=== Exercise inputs ===

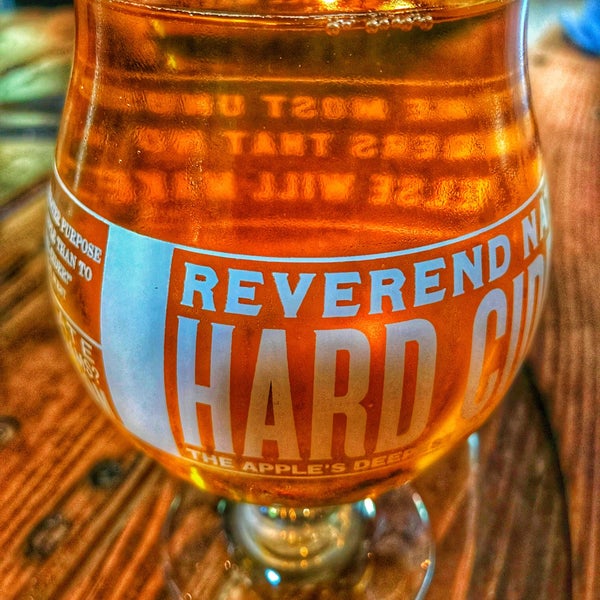 Foto scattata a Reverend Nat&#39;s Hard Cider da Lucyan il 7/31/2019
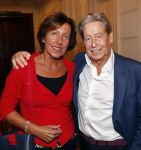 Amsterdam 25 november 2019
Boekpresentatie Victor Mids en Oscar Verpoort ( MINDFUCK) in het Amstel Hotel . Hans Kazan krijgt het eerste exemplaar. Hans met zijn vrouw Wendy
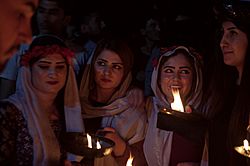 Archivo:Pilgrims and festival at Lalish on the day of the Yezidi New Year in 2017 21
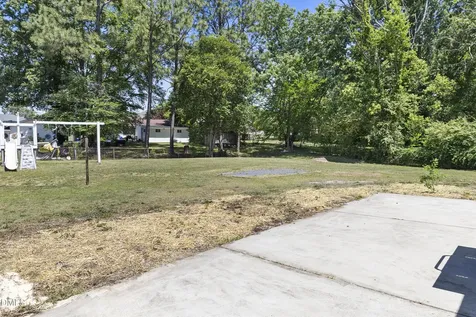 2612 Sapona Circle Sanford NC 27332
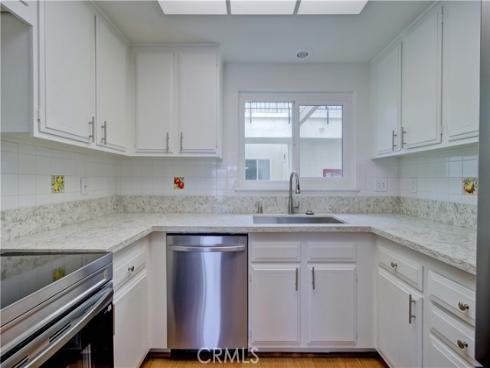 2355  Via Mariposa  2F , Laguna Woods, CA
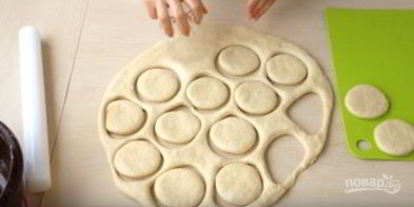 Шаг 10: очень вкусных домашних пончиков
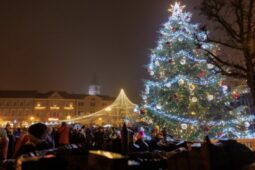 Vánoce v Přerově budou plné překvapení. Chystá se bruslení, sklářská show i  Krampus čerti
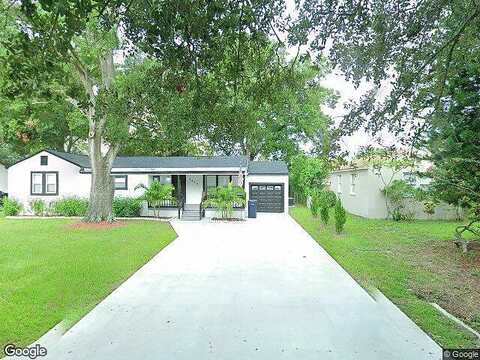 Tampania, TAMPA, FL 33614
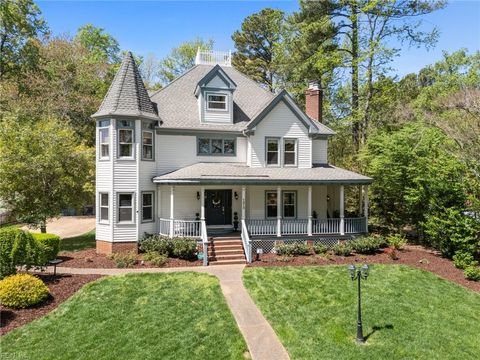 1013 Downshire CHSE Virginia Beach VA 23452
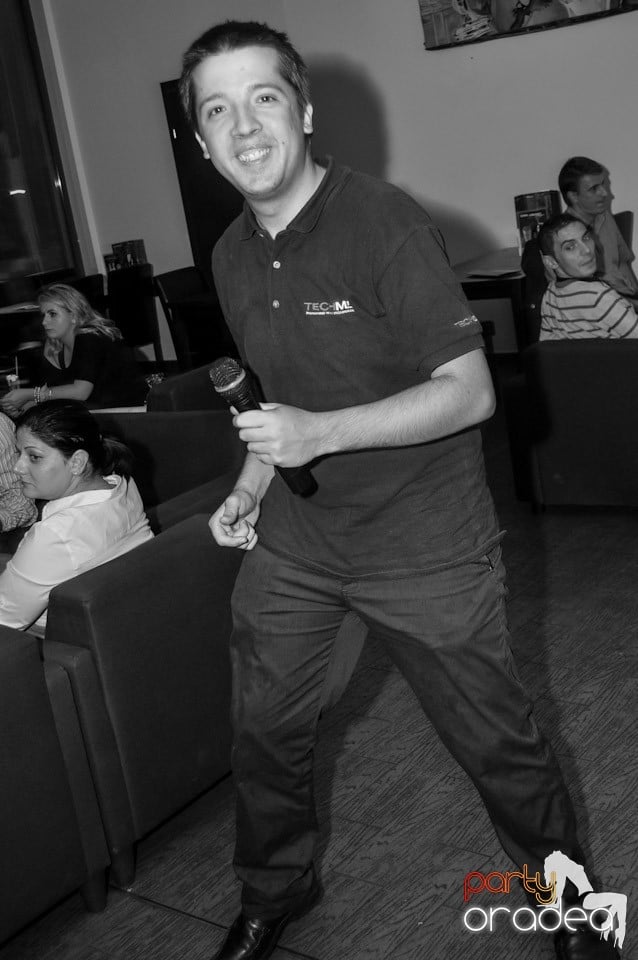 Karaoke în Blondy's Art Café, 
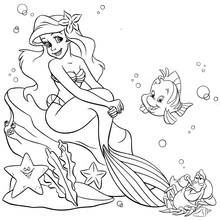 Coloriage Sirène assise sur un rocher avec un poisson et un crabe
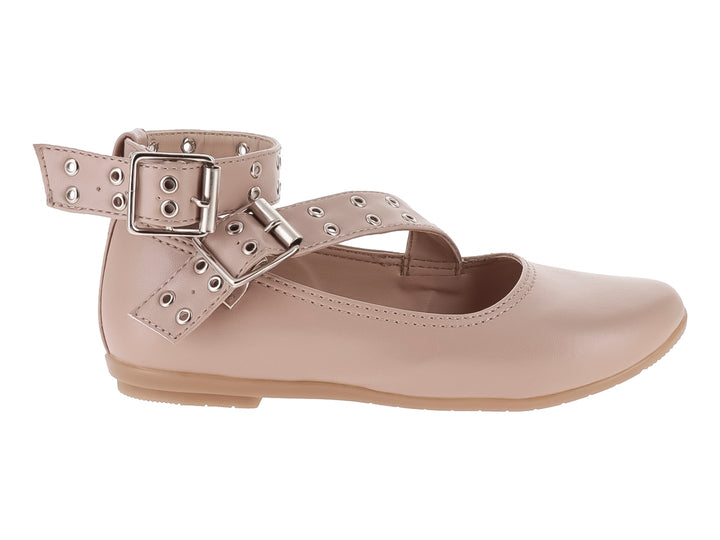 Zapato plano color maquillaje para niña con correa al tobillo y detalles de hebillas y ojetes plateados.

===

The line containing "Karaoke în Blondy's" marks the start: set down exactly that line and every line after it through the last line of the data, without any pictures.

__Exercise output__.
 Karaoke în Blondy's Art Café, 
 Coloriage Sirène assise sur un rocher avec un poisson et un crabe
 Zapato plano color maquillaje para niña con correa al tobillo y detalles de hebillas y ojetes plateados.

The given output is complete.